Umam mengatakan, pertemuan Prabowo dan Megawati sekaligus bisa menjadi strategi perimbangan kekuatan politik di tengah masih menguatnya spekulasi akan naiknya Jokowi atau Gibran pada pucuk kepemimpinan Golkar pasca-munaslub beberapa waktu lalu.
"Potensi naiknya klan Jokowi dalam kepemimpinan Golkar, berpotensi menjadi ancaman bagi Prabowo yang memiliki kekuatan politik lebih kecil dibanding Golkar di dalam Koalisi Indonesia Maju (KIM)," tukas Umam.

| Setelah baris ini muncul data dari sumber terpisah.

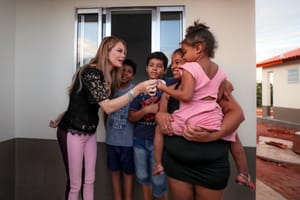 Primeira-dama de MT entrega  casas do programa SER Família  Habitação nesta terça-feira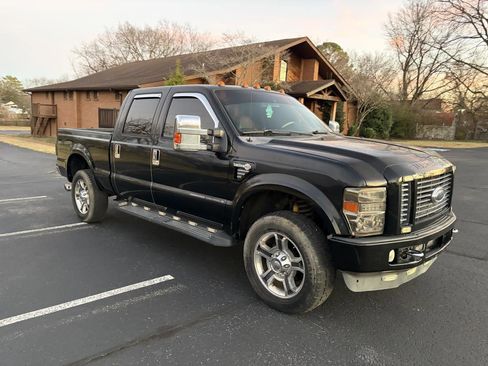 Used 2009 Ford F350 Harley-Davidson image 3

Umam mengatakan, strategi pendekatan dan kemauan untuk membuka komunikasi antara Prabowo dan Megawati ini, bisa menjadi peringatan politik kepada Jokowi, agar tidak mengontrol atau mengintervensi lebih jauh arah kekuasaan pemerintahan baru. Bahkan, jelas dia, bisa saja Prabowo secara perlahan memutus aliansinya dengan Jokowi, sebagaimana ayahanda Gibran itu melakukannya kepada Megawati.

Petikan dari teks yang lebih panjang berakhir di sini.